Hükme esas alınan bilirkişi raporunda dava konusu taşınmazlar ile emsal taşınmazın değerlendirme tarihlerindeki Arsa Metrekare Rayiç Bedeli Takdir Komisyonu tarafından re'sen belirlenen emlak vergisine esas olan m² değerleri ilgili Belediye Başkanlığı Emlak Müdürlüğünden getirtilip, dava konusu taşınmazların değerlendirme tarihi itibariyle; hükme esas alınan bilirkişi raporunda somut emsal kabul edilen taşınmazların ise bilirkişilerce değerlendirmeye esas alınan satış tarihi itibariyle fiili imar uygulaması sonucu oluşan imar parselleri mi, yoksa imar planına dahil olmakla birlikte olduğu gibi bırakılan kadastro parselleri mi oldukları ilgili Belediye İmar Müdürlüğü ile Tapu Müdürlüğünden ayrı ayrı sorulup, alınacak cevaplara göre bilirkişi kurulu raporu denetlenmeden hüküm kurulması mümkün değildir.

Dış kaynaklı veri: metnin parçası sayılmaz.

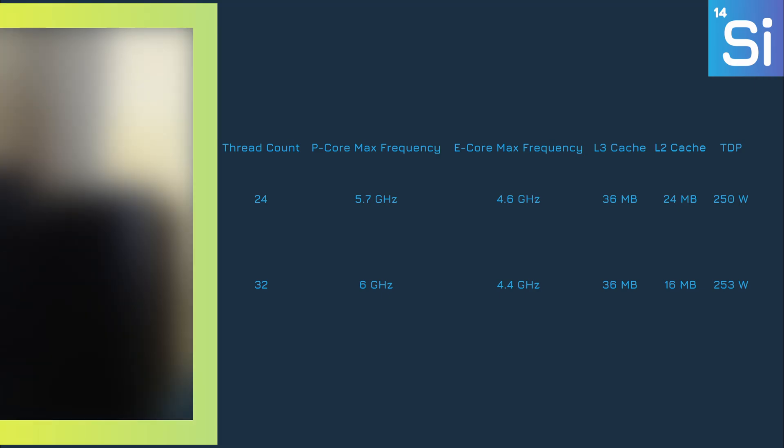If you want a deeper dive into the Arrow Lake architecture that powers the 285K and other Core Ultra 200 series CPUs, we have a video on that. But the short version is that this is sort of Intel's Zen 2 moment, where a lot of complex and cutting-edge technology finally comes together.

Bu durumda; taraflara, dava konusu taşınmazlara yakın bölgelerden ve yakın zaman içinde satışı yapılan benzer yüzölçümlü satışları bildirmeleri için imkan tanınması, lüzumu halinde re'sen emsal celbi yoluna gidilmesi, taşınmazın, değerlendirme tarihi itibariyle, emsal alınacak taşınmazın ise satış tarihi itibariyle imar ya da kadastro parselleri olup olmadığı ilgili Belediye Başkanlığı ve Tapu Müdürlüğünden sorulması, ayrıca dava konusu taşınmazın; imar planındaki konumu, emsallere ve değerini etkileyen merkezi yerlere olan uzaklığını da gösterir krokisi ve dava konusu taşınmaz ile emsal taşınmazların resen belirlenen vergi değerleri ve emsal taşınmazların satış akit tablosu getirtilerek, dava konusu taşınmazın değerlendirmeye esas alınacak emsallere göre ayrı ayrı üstün ve eksik yönleri ve oranları açıklanmak suretiyle yapılacak karşılaştırma sonucu değerinin belirlenmesi bakımından, yeniden oluşturulacak bilirkişi kurulu marifetiyle mahallinde keşif yapılarak alınacak rapor sonucuna göre hüküm kurulması gerektiğinin düşünülmemesi,
Doğru görülmemiştir.
Davalı Hazine vekilinin temyiz itirazları yerinde olduğundan hükmün açıklanan nedenle HMK’nın 371. maddesi uyarınca BOZULMASINA, HMK’nın 373/1. maddesi uyarınca kararın bir örneğinin ... Bölge Adliye Mahkemesi 6. Hukuk Dairesi'ne GÖNDERİLMESİNE, 24/01/2022 gününde oybirliğiyle karar verildi.